### Task
When transcribing the entries, keep each one exactly as it is.

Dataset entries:
=== Begin Enclosure ===
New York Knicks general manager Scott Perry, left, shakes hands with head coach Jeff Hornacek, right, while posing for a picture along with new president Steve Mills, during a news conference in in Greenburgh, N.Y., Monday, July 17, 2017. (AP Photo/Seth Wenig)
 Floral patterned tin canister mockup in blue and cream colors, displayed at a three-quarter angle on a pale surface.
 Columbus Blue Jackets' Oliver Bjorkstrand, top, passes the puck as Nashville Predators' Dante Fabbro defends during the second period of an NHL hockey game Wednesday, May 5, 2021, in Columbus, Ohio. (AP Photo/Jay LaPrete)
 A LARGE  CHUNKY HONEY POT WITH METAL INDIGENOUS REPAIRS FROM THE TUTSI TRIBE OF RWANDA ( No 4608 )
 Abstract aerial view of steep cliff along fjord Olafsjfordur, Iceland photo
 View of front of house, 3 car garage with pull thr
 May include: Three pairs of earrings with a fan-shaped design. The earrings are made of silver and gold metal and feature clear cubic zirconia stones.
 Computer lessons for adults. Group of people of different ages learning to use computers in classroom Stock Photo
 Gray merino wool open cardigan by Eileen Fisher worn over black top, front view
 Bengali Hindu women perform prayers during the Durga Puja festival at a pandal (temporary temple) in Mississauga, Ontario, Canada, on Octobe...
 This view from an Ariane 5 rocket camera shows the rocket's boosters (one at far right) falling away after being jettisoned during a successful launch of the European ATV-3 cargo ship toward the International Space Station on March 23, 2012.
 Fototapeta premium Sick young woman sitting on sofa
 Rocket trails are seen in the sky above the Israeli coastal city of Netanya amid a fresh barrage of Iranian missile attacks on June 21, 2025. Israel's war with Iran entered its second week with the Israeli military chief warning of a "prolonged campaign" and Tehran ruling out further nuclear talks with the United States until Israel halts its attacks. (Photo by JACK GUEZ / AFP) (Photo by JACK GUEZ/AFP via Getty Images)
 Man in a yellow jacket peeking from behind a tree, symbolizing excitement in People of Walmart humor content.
=== End Enclosure ===
### Written solution
New York Knicks general manager Scott Perry, left, shakes hands with head coach Jeff Hornacek, right, while posing for a picture along with new president Steve Mills, during a news conference in in Greenburgh, N.Y., Monday, July 17, 2017. (AP Photo/Seth Wenig)
 Floral patterned tin canister mockup in blue and cream colors, displayed at a three-quarter angle on a pale surface.
 Columbus Blue Jackets' Oliver Bjorkstrand, top, passes the puck as Nashville Predators' Dante Fabbro defends during the second period of an NHL hockey game Wednesday, May 5, 2021, in Columbus, Ohio. (AP Photo/Jay LaPrete)
 A LARGE  CHUNKY HONEY POT WITH METAL INDIGENOUS REPAIRS FROM THE TUTSI TRIBE OF RWANDA ( No 4608 )
 Abstract aerial view of steep cliff along fjord Olafsjfordur, Iceland photo
 View of front of house, 3 car garage with pull thr
 May include: Three pairs of earrings with a fan-shaped design. The earrings are made of silver and gold metal and feature clear cubic zirconia stones.
 Computer lessons for adults. Group of people of different ages learning to use computers in classroom Stock Photo
 Gray merino wool open cardigan by Eileen Fisher worn over black top, front view
 Bengali Hindu women perform prayers during the Durga Puja festival at a pandal (temporary temple) in Mississauga, Ontario, Canada, on Octobe...
 This view from an Ariane 5 rocket camera shows the rocket's boosters (one at far right) falling away after being jettisoned during a successful launch of the European ATV-3 cargo ship toward the International Space Station on March 23, 2012.
 Fototapeta premium Sick young woman sitting on sofa
 Rocket trails are seen in the sky above the Israeli coastal city of Netanya amid a fresh barrage of Iranian missile attacks on June 21, 2025. Israel's war with Iran entered its second week with the Israeli military chief warning of a "prolonged campaign" and Tehran ruling out further nuclear talks with the United States until Israel halts its attacks. (Photo by JACK GUEZ / AFP) (Photo by JACK GUEZ/AFP via Getty Images)
 Man in a yellow jacket peeking from behind a tree, symbolizing excitement in People of Walmart humor content.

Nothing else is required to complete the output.